Twenty years after its inception, the European Emissions Trading System (ETS) has proven to be a tool for reducing CO₂ in Europe. But today, warns the Carbon Market Outlook 2025 of the Polytechnic University of Milan, it risks losing its original nature and turning into a disguised tax.
According to the study, carried out by the Energy & Strategy Group in collaboration with CO₂ Advisor, from 2005 to 2024, Italian emissions subject to the ETS decreased by 49%, going from 226 to 115 million tonnes of CO₂ equivalent. No other measure produced comparable results. The so-called “carbon intensity”, i.e. the tons of CO₂ per million euros of turnover, has fallen in all the main industrial sectors: -39% for cement, -37% for chemicals, -28% for paper and -21% for ceramics.
“The ETS system worked because it put the market – and not bureaucracy – at the center of decarbonisation,” explains Andrea Ronchi, CEO of CO₂ Advisor and co-author of the report. The idea behind the mechanism is simple: those who pollute pay, but they can also reduce their costs by investing in cleaner technologies or purchasing “shares” from those who pollute less.
Over the years, however, the ETS has changed. More and more allowances are auctioned by member states, who collect the proceeds: in 2024, revenues exceeded 38 billion euros. This evolution, the report underlines, risks transforming the system from “market-based” to “tax-and-trade”, a hybrid where fiscal logic prevails. “When revenues go to states and not to efficient technologies, the principle of economic reward that made the ETS a success is lost,” warns Ronchi.
The Polytechnic’s analysis also highlights another fact: Italy is investing around 110 billion euros a year in “command and control” measures – subsidies and incentives – which reduce just 11 million tonnes of CO₂, with a cost of over 10,000 euros per tonne. In the ETS system, however, average prices have never exceeded 100 euros.
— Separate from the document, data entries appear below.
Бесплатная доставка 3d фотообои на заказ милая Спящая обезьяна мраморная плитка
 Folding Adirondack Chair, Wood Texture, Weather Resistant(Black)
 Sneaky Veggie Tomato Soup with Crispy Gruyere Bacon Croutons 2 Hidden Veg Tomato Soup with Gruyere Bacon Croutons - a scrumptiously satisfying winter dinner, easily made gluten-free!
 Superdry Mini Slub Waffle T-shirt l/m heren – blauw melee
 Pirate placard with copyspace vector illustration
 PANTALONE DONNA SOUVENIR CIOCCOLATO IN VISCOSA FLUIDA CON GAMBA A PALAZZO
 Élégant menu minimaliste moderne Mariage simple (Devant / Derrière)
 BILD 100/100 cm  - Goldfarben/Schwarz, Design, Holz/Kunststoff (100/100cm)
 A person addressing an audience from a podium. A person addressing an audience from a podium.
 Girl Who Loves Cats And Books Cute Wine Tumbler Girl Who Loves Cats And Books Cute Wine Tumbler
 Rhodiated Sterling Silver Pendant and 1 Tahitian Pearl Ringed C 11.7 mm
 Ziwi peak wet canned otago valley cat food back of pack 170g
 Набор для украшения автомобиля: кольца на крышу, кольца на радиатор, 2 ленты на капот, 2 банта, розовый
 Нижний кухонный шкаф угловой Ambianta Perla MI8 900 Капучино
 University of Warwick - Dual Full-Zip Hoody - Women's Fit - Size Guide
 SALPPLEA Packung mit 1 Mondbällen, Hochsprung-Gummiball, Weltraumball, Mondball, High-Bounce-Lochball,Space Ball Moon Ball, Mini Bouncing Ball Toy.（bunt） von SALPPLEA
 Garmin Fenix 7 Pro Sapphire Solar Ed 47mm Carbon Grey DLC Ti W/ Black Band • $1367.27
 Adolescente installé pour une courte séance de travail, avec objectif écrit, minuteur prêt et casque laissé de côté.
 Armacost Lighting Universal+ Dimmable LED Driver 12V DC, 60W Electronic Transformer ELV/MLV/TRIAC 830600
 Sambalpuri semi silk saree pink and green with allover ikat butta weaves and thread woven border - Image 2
The report then takes a look to the future. ETS 2 will come into force from 2027, which will extend the price of carbon to fuels for transport and home heating. A change that will directly impact citizens, making the system more similar to a carbon tax. At the same time, the CBAM, the new European “climate duty” on CO₂-intensive imports, will be fully operational. However, the researchers warn, the mechanism will not protect European exporting companies, which risk finding themselves at a disadvantage on global markets.
Among the prospects considered most promising is the possible reintroduction of CO₂ credits into the ETS system, excluded since 2013. These credits, generated by certified projects for the reduction or removal of emissions, could reduce the costs of the transition and guarantee true technological and geographical neutrality, in line with Article 6 of the Paris Agreement.
“The climate challenge is global – concludes Ronchi – and we must invest where the reduction of emissions is most effective, not where bureaucracy imposes it. Only in this way can the transition be truly sustainable”.
Today, over 26% of global emissions are covered by carbon pricing tools, compared to just 6% in 2019: an expansion that confirms how the price of CO₂ has become the most powerful lever for decarbonisation. However, an open question remains: will Europe be able to maintain the efficiency of its system without transforming it into a new climate tax?